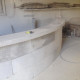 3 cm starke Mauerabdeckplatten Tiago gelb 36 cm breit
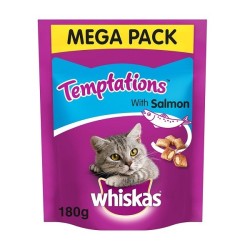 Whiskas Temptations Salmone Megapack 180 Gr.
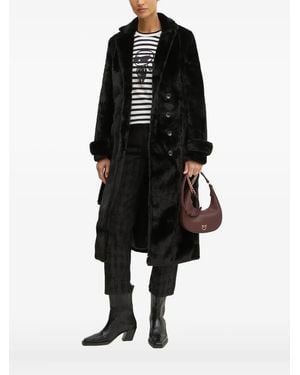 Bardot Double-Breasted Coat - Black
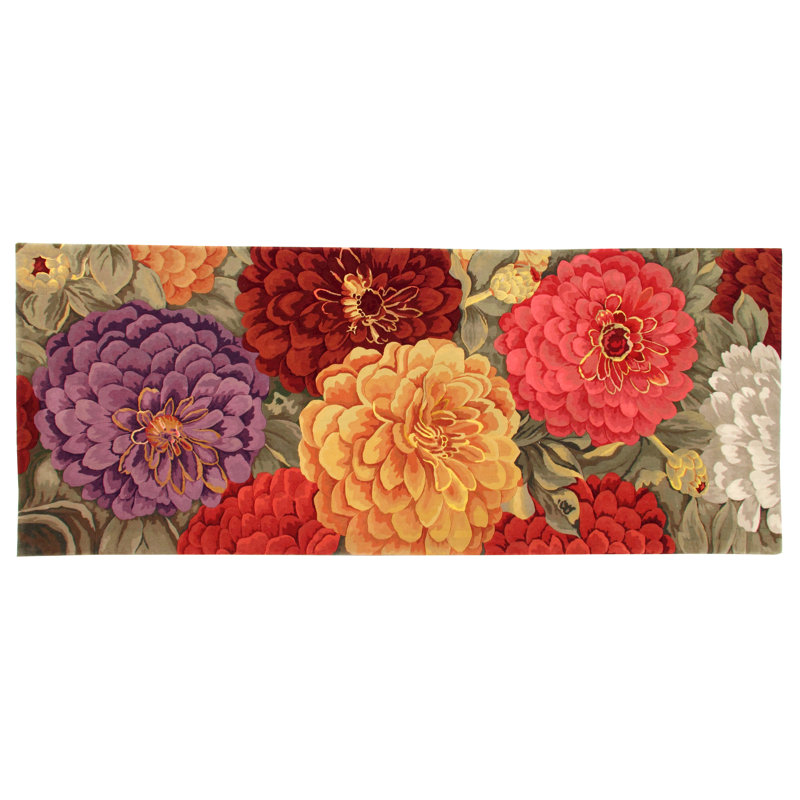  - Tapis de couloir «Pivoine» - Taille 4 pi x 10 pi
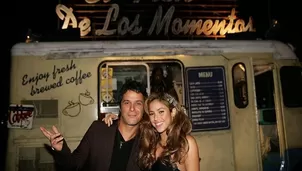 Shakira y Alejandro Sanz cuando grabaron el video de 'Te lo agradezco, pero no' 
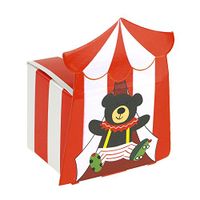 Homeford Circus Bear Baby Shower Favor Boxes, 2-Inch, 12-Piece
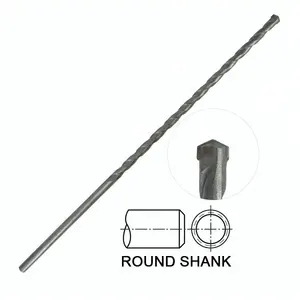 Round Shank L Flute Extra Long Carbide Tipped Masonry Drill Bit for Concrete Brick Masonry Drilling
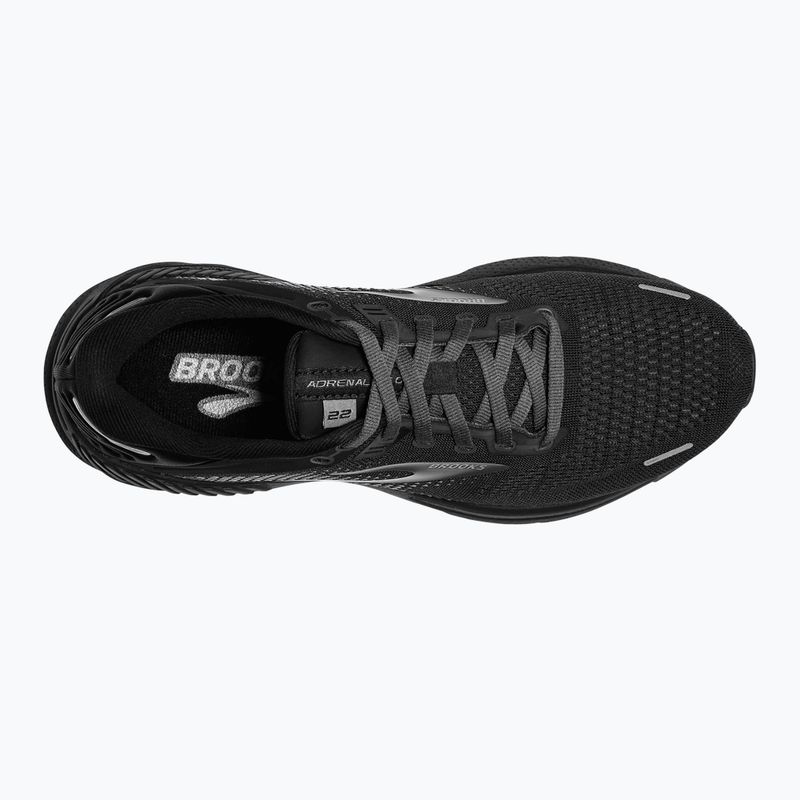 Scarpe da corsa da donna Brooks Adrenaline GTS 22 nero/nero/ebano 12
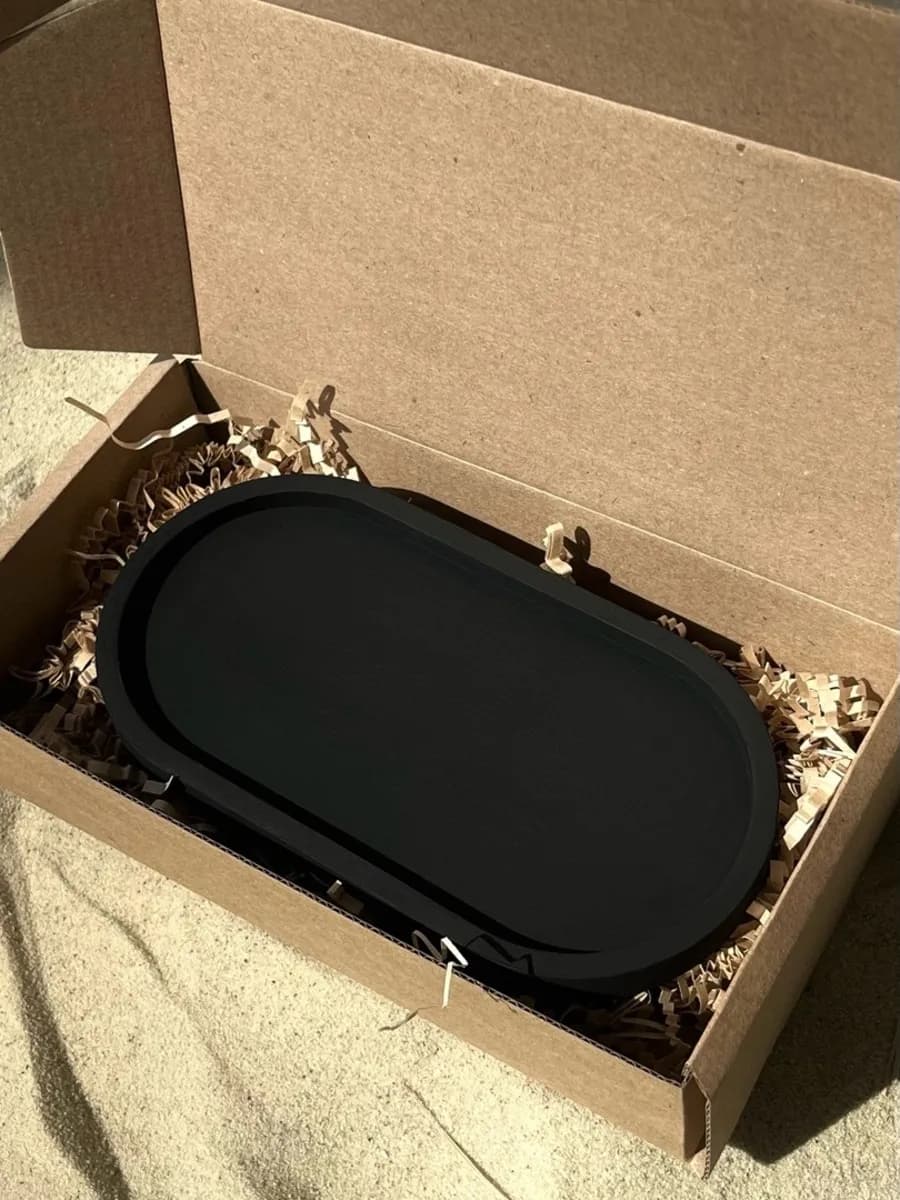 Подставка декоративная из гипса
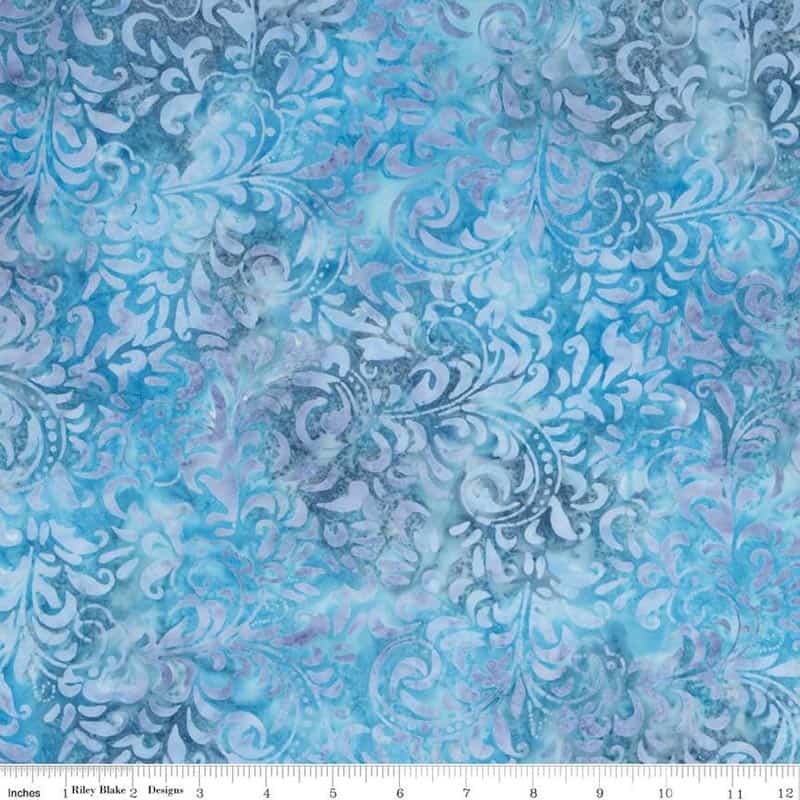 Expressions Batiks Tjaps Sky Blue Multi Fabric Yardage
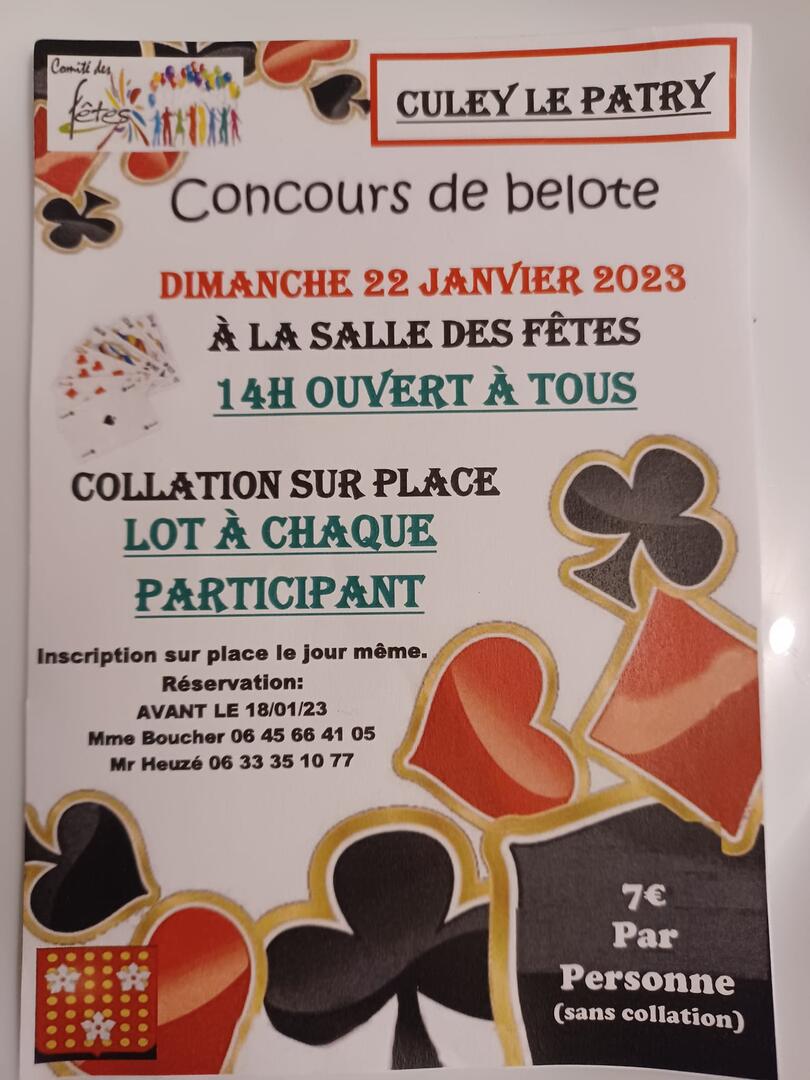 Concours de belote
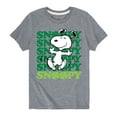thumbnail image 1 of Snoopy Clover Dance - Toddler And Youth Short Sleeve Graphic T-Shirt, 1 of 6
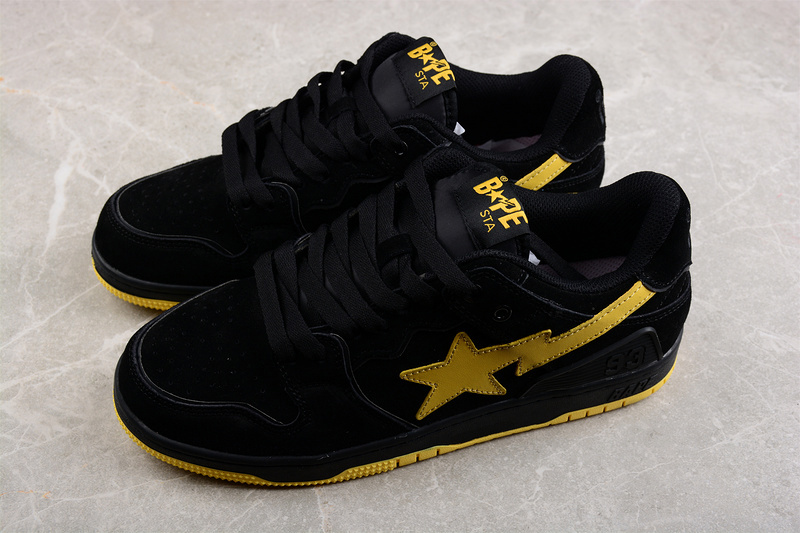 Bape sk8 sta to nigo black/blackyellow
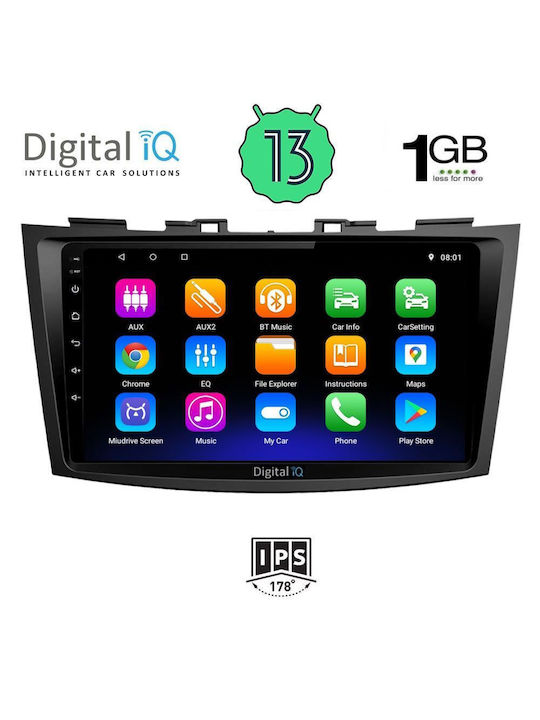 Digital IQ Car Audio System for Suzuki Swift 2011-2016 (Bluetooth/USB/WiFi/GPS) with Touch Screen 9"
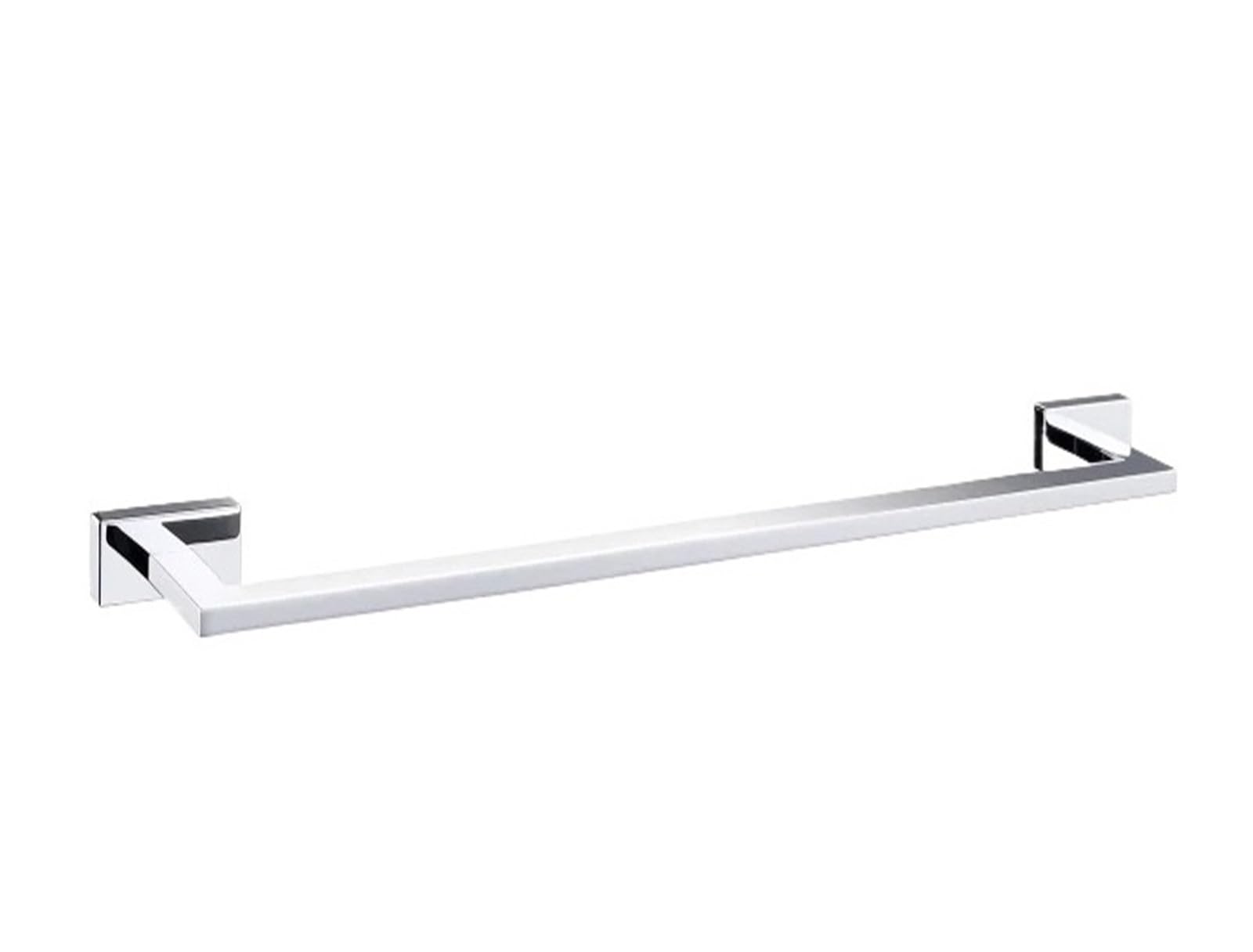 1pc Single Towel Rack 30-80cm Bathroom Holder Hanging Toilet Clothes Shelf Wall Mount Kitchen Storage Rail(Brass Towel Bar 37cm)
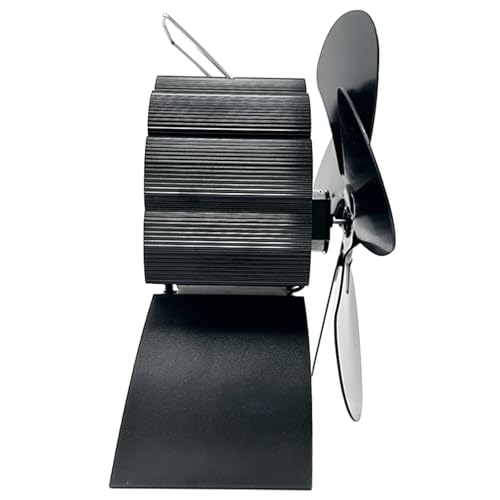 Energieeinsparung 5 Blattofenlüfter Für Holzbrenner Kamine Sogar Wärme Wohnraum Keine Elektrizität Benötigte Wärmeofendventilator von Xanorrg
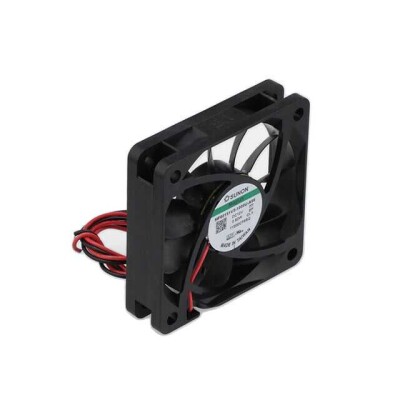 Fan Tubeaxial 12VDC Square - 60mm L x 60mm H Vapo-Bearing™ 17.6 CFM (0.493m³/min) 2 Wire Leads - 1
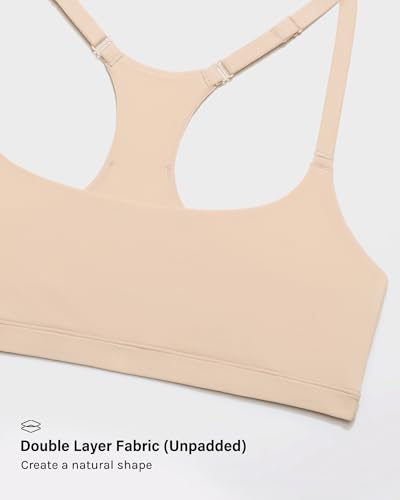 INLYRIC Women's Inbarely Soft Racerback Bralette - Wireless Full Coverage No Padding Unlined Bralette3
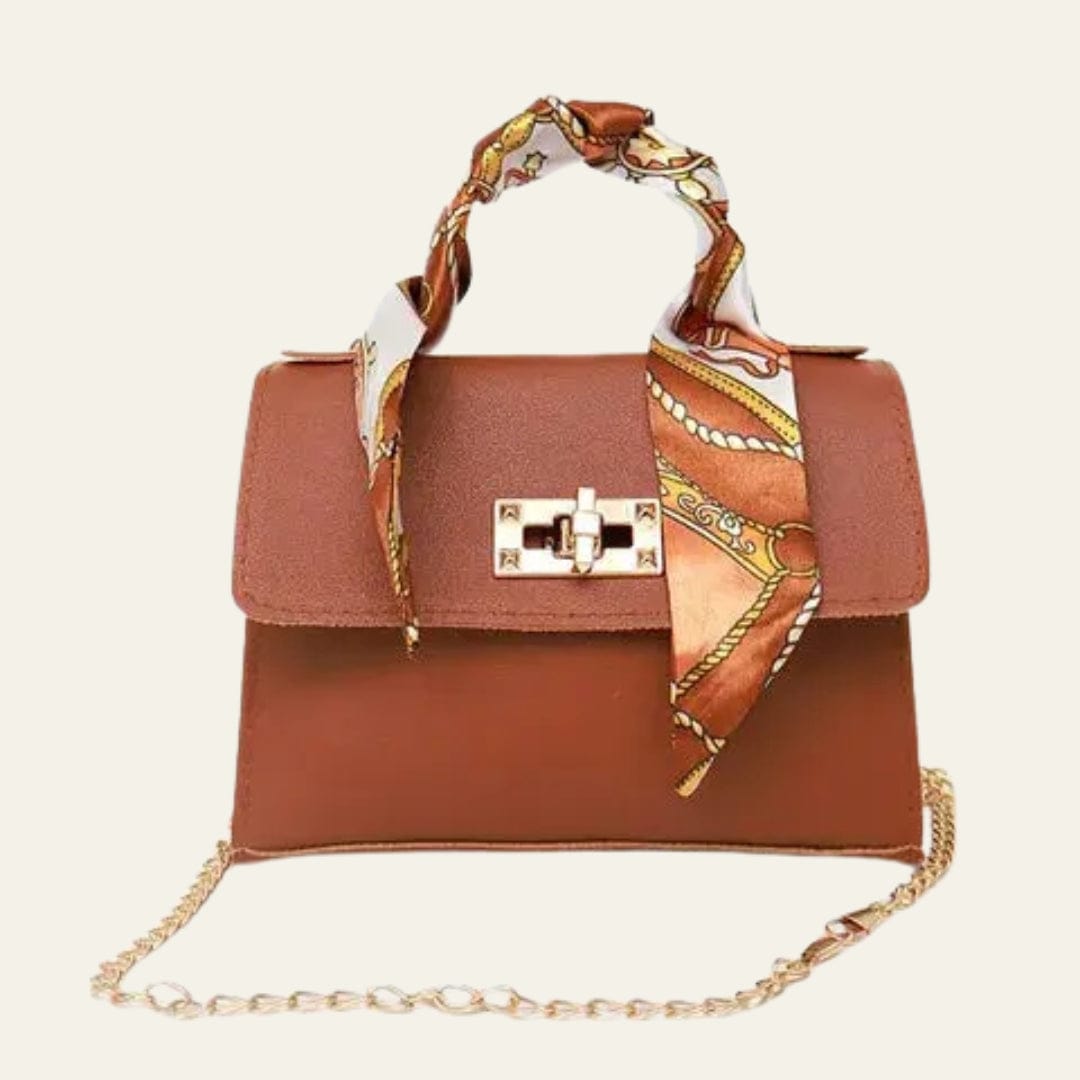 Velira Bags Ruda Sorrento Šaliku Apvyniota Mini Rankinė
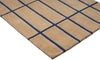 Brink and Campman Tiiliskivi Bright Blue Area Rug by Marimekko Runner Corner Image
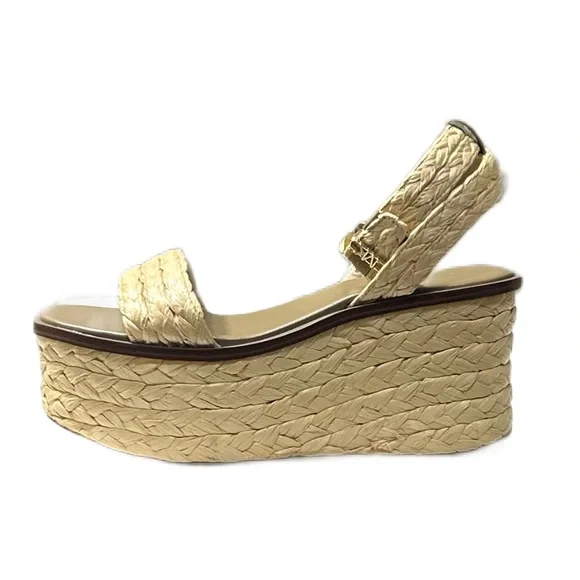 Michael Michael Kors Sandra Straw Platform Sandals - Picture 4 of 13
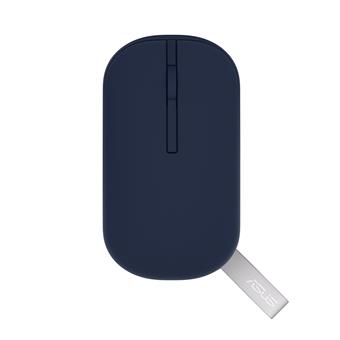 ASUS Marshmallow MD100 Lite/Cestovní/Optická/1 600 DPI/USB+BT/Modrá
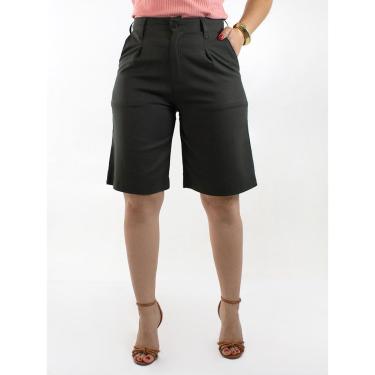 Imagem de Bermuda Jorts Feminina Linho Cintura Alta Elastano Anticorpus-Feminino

=======

Action item:
The expected output is an exact retyping of the lines from the line with "Homeford Circus Bear" through the last line of the data, with both ends kept and the pictures dropped.

Response to this task:
 Homeford Circus Bear Baby Shower Favor Boxes, 2-Inch, 12-Piece
 Round Shank L Flute Extra Long Carbide Tipped Masonry Drill Bit for Concrete Brick Masonry Drilling
 Scarpe da corsa da donna Brooks Adrenaline GTS 22 nero/nero/ebano 12
 Подставка декоративная из гипса
 Expressions Batiks Tjaps Sky Blue Multi Fabric Yardage
 Concours de belote
thumbnail image 1 of Snoopy Clover Dance - Toddler And Youth Short Sleeve Graphic T-Shirt, 1 of 6
 Bape sk8 sta to nigo black/blackyellow
 Digital IQ Car Audio System for Suzuki Swift 2011-2016 (Bluetooth/USB/WiFi/GPS) with Touch Screen 9"
 1pc Single Towel Rack 30-80cm Bathroom Holder Hanging Toilet Clothes Shelf Wall Mount Kitchen Storage Rail(Brass Towel Bar 37cm)
 Energieeinsparung 5 Blattofenlüfter Für Holzbrenner Kamine Sogar Wärme Wohnraum Keine Elektrizität Benötigte Wärmeofendventilator von Xanorrg
 Fan Tubeaxial 12VDC Square - 60mm L x 60mm H Vapo-Bearing™ 17.6 CFM (0.493m³/min) 2 Wire Leads - 1
 INLYRIC Women's Inbarely Soft Racerback Bralette - Wireless Full Coverage No Padding Unlined Bralette3
 Velira Bags Ruda Sorrento Šaliku Apvyniota Mini Rankinė
 Brink and Campman Tiiliskivi Bright Blue Area Rug by Marimekko Runner Corner Image
 Michael Michael Kors Sandra Straw Platform Sandals - Picture 4 of 13
 ASUS Marshmallow MD100 Lite/Cestovní/Optická/1 600 DPI/USB+BT/Modrá
 Imagem de Bermuda Jorts Feminina Linho Cintura Alta Elastano Anticorpus-Feminino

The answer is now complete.